* Source data:
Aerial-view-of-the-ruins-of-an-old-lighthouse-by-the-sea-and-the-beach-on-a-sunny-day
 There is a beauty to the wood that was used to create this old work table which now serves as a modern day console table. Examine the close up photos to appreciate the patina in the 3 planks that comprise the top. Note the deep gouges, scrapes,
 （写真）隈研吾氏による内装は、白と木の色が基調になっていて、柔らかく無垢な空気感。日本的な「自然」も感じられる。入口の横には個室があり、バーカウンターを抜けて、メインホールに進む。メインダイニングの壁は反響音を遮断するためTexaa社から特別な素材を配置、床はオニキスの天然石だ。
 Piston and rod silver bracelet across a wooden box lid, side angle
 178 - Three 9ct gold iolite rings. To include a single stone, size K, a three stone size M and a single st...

* What needs to be done: Return the material in its entirety, word for word.

* Answer section:
Aerial-view-of-the-ruins-of-an-old-lighthouse-by-the-sea-and-the-beach-on-a-sunny-day
 There is a beauty to the wood that was used to create this old work table which now serves as a modern day console table. Examine the close up photos to appreciate the patina in the 3 planks that comprise the top. Note the deep gouges, scrapes,
 （写真）隈研吾氏による内装は、白と木の色が基調になっていて、柔らかく無垢な空気感。日本的な「自然」も感じられる。入口の横には個室があり、バーカウンターを抜けて、メインホールに進む。メインダイニングの壁は反響音を遮断するためTexaa社から特別な素材を配置、床はオニキスの天然石だ。
 Piston and rod silver bracelet across a wooden box lid, side angle
 178 - Three 9ct gold iolite rings. To include a single stone, size K, a three stone size M and a single st...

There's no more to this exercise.